AUDIENCE: Is there a significance in having that they're equal-verified before the CHECKSIG? Because it seems like they're both verifying tings, and I'm wondering--

NEHA NARULA: Yeah, that's a great question. So let's say that we didn't have this EQUALVERIFY here then what could a malicious spender possibly do?

AUDIENCE: Well, I just meant flipping the order. We're still verifying both, but if you did the CHECKSIG first versus the EQUALVERIFY first, does that matter?

NEHA NARULA: Oh, that's a good question. I don't think that would matter. I'm not sure. Would it matter?

TADGE DRYJA: You could. It's faster to verify the two hashes are equal. The CHECKSIG operation takes a lot of CPU time so I guess the idea is, if you're going to fail, fail-- go the easy route.

NEHA NARULA: Yes. Yes.

AUDIENCE: So are all nodes on the network running this?

NEHA NARULA: Yes. Every single node on the network is running the Bitcoin Script Interpreter inside of it. And the Bitcoin Script Interpreter is known as-- what's called consensus critical. So if two nodes have slightly different script interpreters that would interpret this in different ways, the network would have a consensus failure. Yes.

AUDIENCE: Why not just Pay to Pubkey?

NEHA NARULA: Pay to Pubkey is a thing, actually. And Pay to Pubkey Hash is considered better. And the reason for that is kind of subtle, actually. It's because-- so the hash of the pubkey is smaller than the pubkey. And this is definitely going on the blockchain. We don't know if this is going to go on the blockchain or not. Not all outputs are consumed. So let's put the small stuff here and the big stuff over here.

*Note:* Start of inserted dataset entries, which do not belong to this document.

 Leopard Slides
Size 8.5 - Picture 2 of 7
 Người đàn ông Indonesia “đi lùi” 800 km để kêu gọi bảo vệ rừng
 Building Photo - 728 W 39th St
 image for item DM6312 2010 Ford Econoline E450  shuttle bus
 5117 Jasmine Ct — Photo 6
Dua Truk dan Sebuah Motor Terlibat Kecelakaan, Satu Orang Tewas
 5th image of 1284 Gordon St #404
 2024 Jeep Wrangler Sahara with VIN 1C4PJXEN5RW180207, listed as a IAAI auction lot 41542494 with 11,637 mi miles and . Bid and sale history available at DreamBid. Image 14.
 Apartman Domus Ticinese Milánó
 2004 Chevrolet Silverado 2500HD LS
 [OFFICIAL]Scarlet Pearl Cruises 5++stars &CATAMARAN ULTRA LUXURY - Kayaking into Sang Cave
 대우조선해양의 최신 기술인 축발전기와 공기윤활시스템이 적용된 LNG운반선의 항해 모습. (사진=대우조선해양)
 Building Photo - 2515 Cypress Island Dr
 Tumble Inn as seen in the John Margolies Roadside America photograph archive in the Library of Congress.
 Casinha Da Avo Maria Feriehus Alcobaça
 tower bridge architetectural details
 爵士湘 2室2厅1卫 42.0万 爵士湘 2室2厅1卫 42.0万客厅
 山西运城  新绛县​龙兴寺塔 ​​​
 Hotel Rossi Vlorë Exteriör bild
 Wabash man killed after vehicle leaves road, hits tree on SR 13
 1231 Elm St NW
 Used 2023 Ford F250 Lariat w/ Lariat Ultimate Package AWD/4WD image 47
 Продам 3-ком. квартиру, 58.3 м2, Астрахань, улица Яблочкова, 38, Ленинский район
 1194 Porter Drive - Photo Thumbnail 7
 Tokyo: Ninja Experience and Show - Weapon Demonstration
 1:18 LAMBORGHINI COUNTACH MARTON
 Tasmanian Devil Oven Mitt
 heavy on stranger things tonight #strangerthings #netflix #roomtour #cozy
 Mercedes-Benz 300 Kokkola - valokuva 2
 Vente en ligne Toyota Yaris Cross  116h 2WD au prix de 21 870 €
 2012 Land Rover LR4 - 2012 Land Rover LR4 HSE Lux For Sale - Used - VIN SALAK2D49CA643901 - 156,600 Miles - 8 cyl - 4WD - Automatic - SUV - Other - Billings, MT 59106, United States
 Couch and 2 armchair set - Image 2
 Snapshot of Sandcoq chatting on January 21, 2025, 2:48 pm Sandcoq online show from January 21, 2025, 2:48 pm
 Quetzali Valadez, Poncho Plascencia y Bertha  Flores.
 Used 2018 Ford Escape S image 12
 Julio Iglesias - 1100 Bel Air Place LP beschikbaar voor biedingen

It's about saving space.

Also, the set of unspent transaction outputs is something that every node has to maintain. It's very important. You are referring to it quite a bit. This is not something that every node has to maintain. And so you want to make this smaller, even at the expense of making this bigger. Yes.

AUDIENCE: So then you could accidentally sign a transaction that has a public key but a script that doesn't actually verify it?

NEHA NARULA: Could you accidentally sign a transaction that has a public key but a script that doesn't verify? Let me see if this answers your question. So here is an example of an unspendable output. The unspendable output has an OP_RETURN as the first instruction of its scriptPubKey. OP_RETURN does what you might think it does, which means when you evaluate it, it returns immediately and says invalid.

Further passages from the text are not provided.